(Beginning of Dataset excerpts)

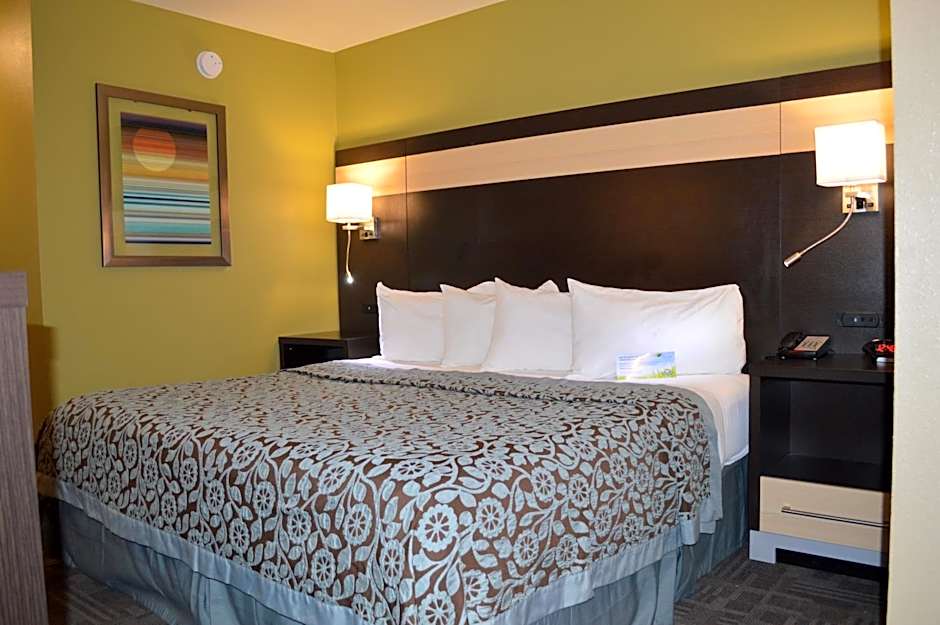 Days Inn by Wyndham Carlsbad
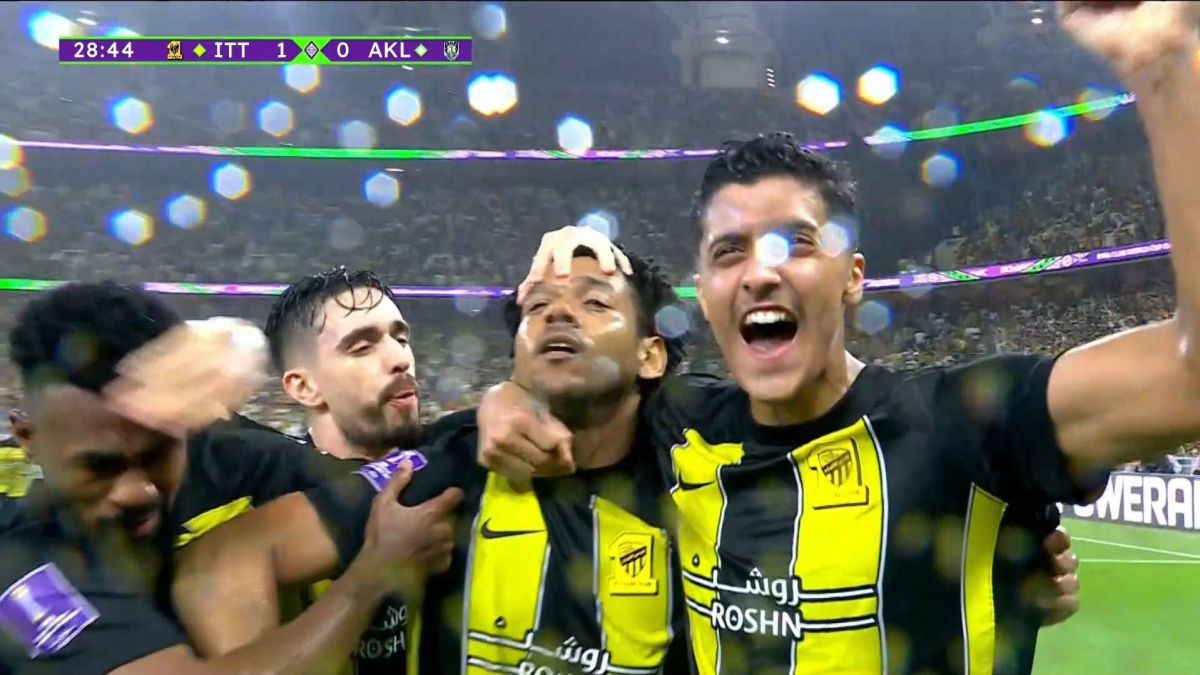 گل اول الاتحاد به اوکلند سیتی (رومارینیو)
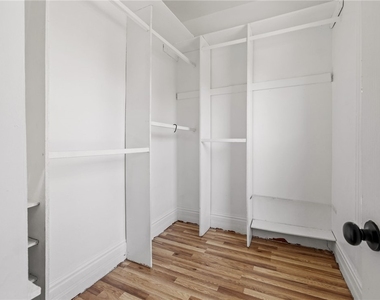 319 Merriman #2 Upper Avenue - Photo Thumbnail 14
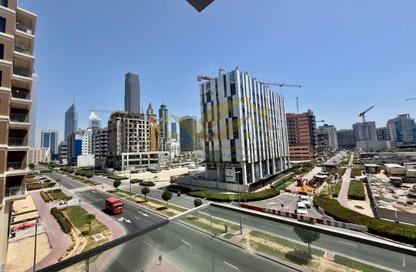 Apartment - 1 Bedroom - 2 Bathrooms for rent in Jumeirah Garden City - Al Satwa - Dubai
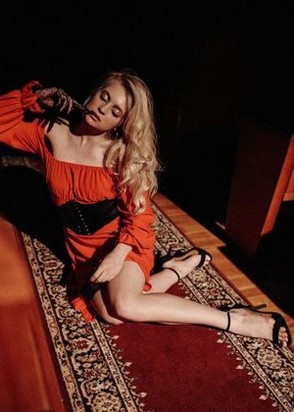 Жанна (31), No phrase key specified, 8,000 ₽ час, Стриптиз не профи, Трамплинг, тел +7(904)579-03-73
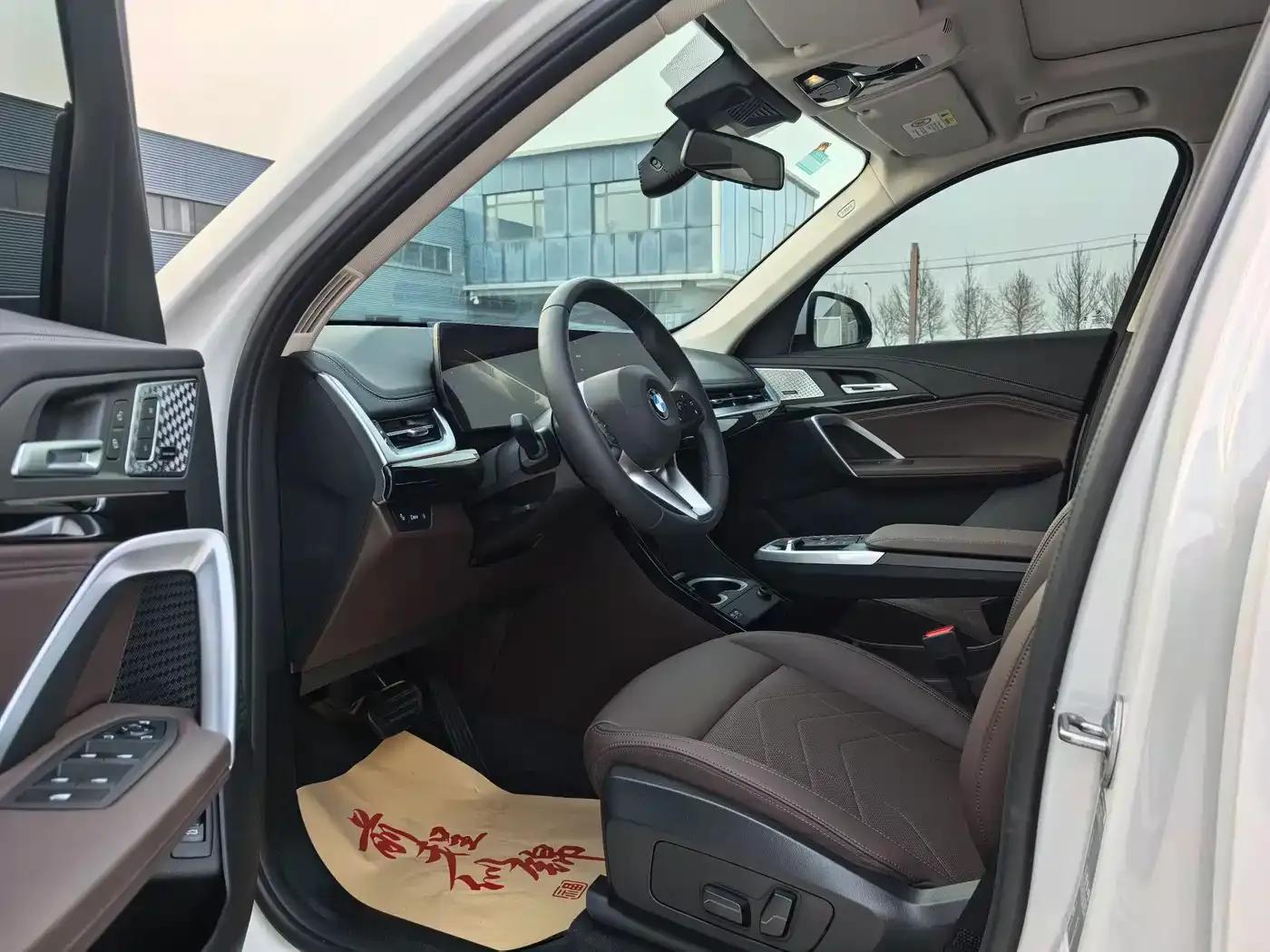 BMW X1 2025 sDrive25Li X Design Package — миниатюра 9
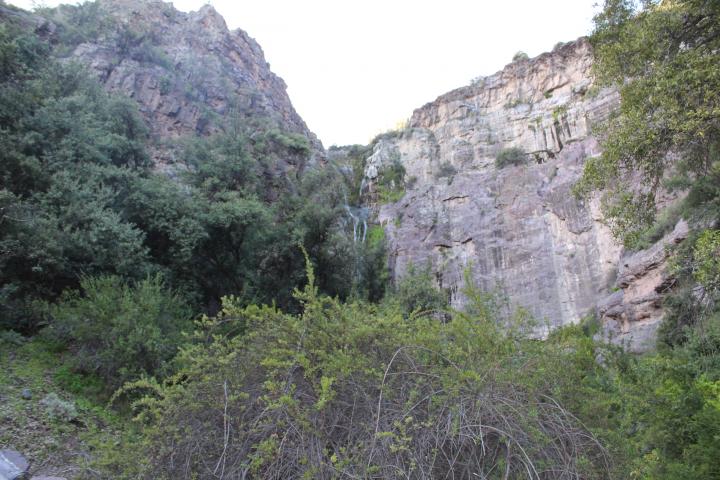 Imagen del monumento Raja de Manquehua - Poza Azul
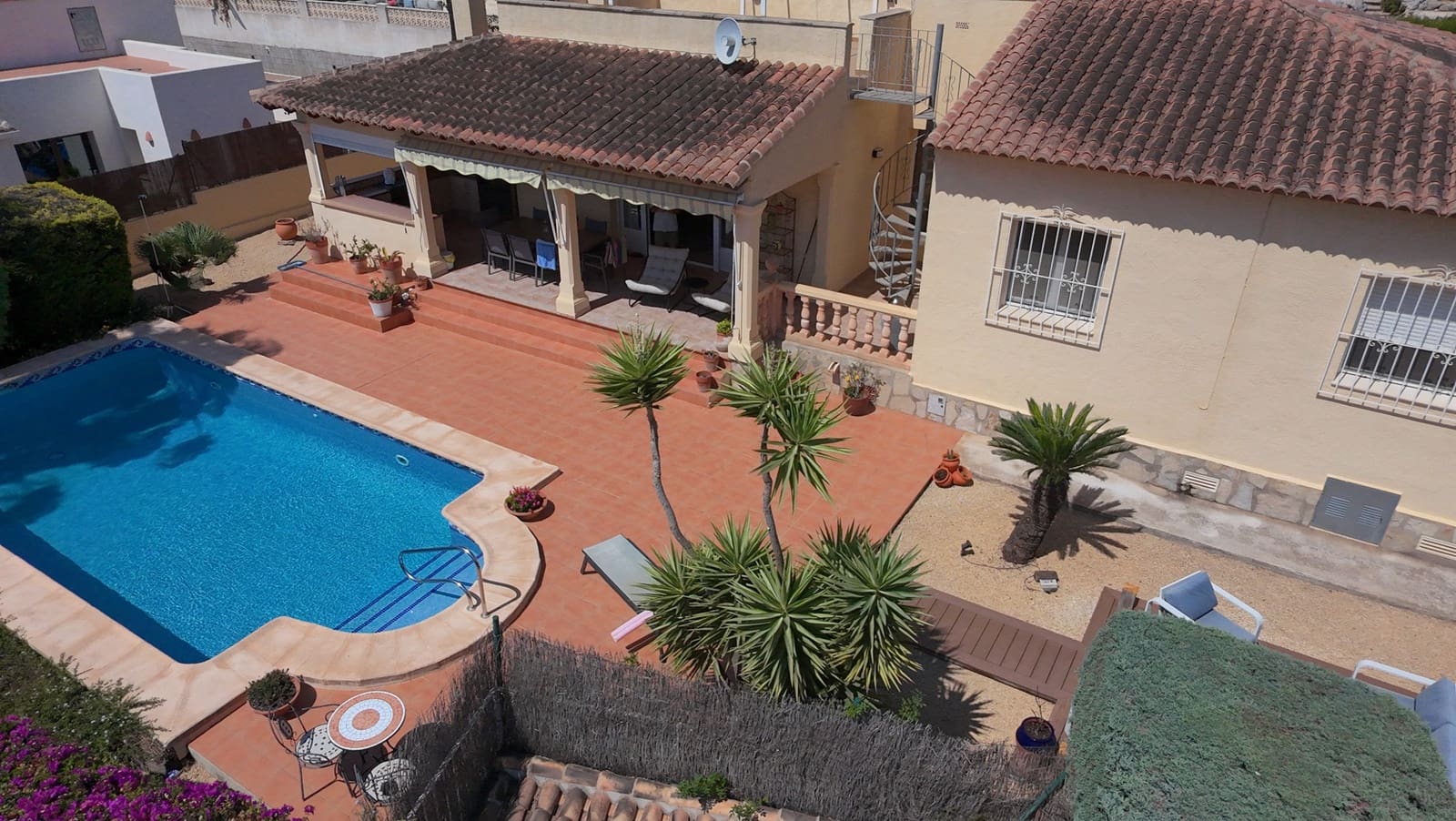 3 soveværelse Villa til salg i Benitachell / Benitatxell med swimmingpool - € 625.000 (Ref: 10003791)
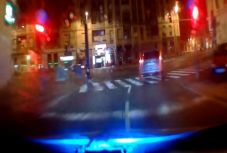 Kilenc piroson hajtott át, kilencvenhárom büntetőpontot kapott egy budapesti autós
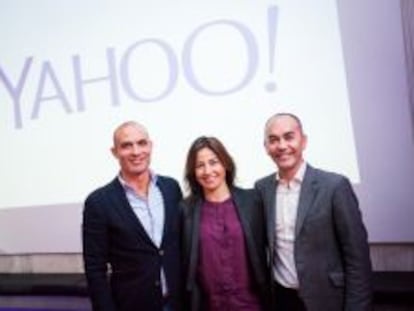 Noelia Fern&aacute;ndez, vicepresidenta editorial de Yahoo Europa, junto a Bernardo Hern&aacute;ndez (izquierda), responsable mundial de Flickr, y Roberto Campo, director de Yahoo en Espa&ntilde;a. 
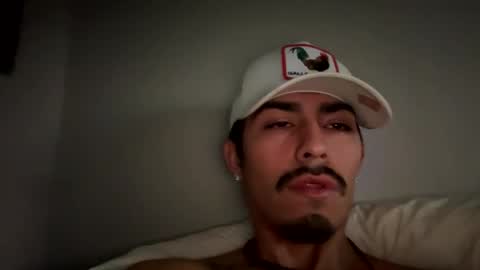 theglorious2002 online show from November 27, 7:05 pm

(End of Dataset excerpts)

◆ Work instruction
Set the listing above down again exactly, leaving pictures out.

◆ Output below
 Days Inn by Wyndham Carlsbad
 گل اول الاتحاد به اوکلند سیتی (رومارینیو)
 319 Merriman #2 Upper Avenue - Photo Thumbnail 14
 Apartment - 1 Bedroom - 2 Bathrooms for rent in Jumeirah Garden City - Al Satwa - Dubai
 Жанна (31), No phrase key specified, 8,000 ₽ час, Стриптиз не профи, Трамплинг, тел +7(904)579-03-73
 BMW X1 2025 sDrive25Li X Design Package — миниатюра 9
 Imagen del monumento Raja de Manquehua - Poza Azul
 3 soveværelse Villa til salg i Benitachell / Benitatxell med swimmingpool - € 625.000 (Ref: 10003791)
 Kilenc piroson hajtott át, kilencvenhárom büntetőpontot kapott egy budapesti autós
 Noelia Fern&aacute;ndez, vicepresidenta editorial de Yahoo Europa, junto a Bernardo Hern&aacute;ndez (izquierda), responsable mundial de Flickr, y Roberto Campo, director de Yahoo en Espa&ntilde;a. 
 theglorious2002 online show from November 27, 7:05 pm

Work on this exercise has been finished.